Americans are struggling to get help. But it doesn’t need to be this way
As part of its series of reports on the hunger crisis and growing food insecurity in America, NBC News on February 2, 2021 highlighted some of the unnecessary challenges families in need face in accessing federal nutrition benefits through the Supplemental Nutrition Assistance Program (SNAP) which has replaced the old food stamps program. As NBC reported, although the need for SNAP has grown more than fifteen percent during the pandemic – with 1 in 8 Americans now qualifying for assistance – the processes under which it operates remain arcane and daunting to Americans in need. One family that was featured in the report qualified for assistance but has been repeatedly turned down due to bureaucratic barriers, like having to provide end-of-employment verification for jobs they had left years ago, including at companies that no longer exist. But when they seek help by phone, getting a hold of anyone is near impossible.
And therein lies one of the tragedies of the current crisis: people in need are unable to access the assistance for which they qualify because the SNAP program does not provide states the flexibilities that are available to other assistance programs, prominently including Unemployment Insurance. The CARES Act, passed by Congress last March in response to the pandemic, allows states, for the first time, to use contractors to help states handle the surge of claimants. Forty one states – with governors from both political parties, according to the National Association of State Workforce Agencies – are using this flexibility. Not to allow states the same flexibility for SNAP is simply wrong.
What to do now?
CAMI has long argued that providing more innovation in the SNAP eligibility determination process is not only good from a policy perspective, but, as shown in the NBC News report, important to overcoming barriers in the system that are hurting families struggling to make ends meet and literally put food on the table. The recently-tapped Deputy Under Secretary of Agriculture for Food, Nutrition, and Consumer Services (FNCS) Stacey Dean, acknowledged that the process of applying for SNAP is tough and rigorous, and that the remote environment makes it more challenging. She went on to say the Biden Administration is working to fix the process, and potentially increase benefits – but did not offer specifics.

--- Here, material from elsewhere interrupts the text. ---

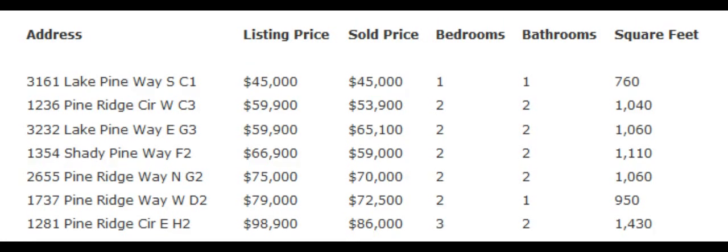There are currently 21 condos listed for sale in Pine Ridge, located in Tarpon Springs, Florida. They range in listing price from $38,500 to $149,900. If you are thinking about buying or selling in Pine Ridge, give us a call here at Aloha Kai Real Estate for a free market evaluation. Our number is 727-376-0530.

But there is something that can be done, immediately: As part of the next COVID relief bill, give state and local governments the ability to contract with qualified private sector partners and nonprofit organizations to help in administering SNAP benefits.
Instead of calls going unanswered, qualified private sector partners could quickly stand-up call centers that can help applicants with their questions and identify solutions. Instead of having no choice but to watch families struggle and lines get longer and longer, food banks could help with eligibility determinations. These are but two of the modern solutions to an outdated system; and they mirror flexibility that has already been given to states to handle the massive influx of unemployment insurance applications but are not an option under federal rules for the SNAP program.
CAMI Senior Advisors, former Congressman John Faso and Rus Sykes, penned an op-ed that appeared in Morning Consult this morning further outlining the reforms that are necessary to make it easier for struggling families to get the assistance they need.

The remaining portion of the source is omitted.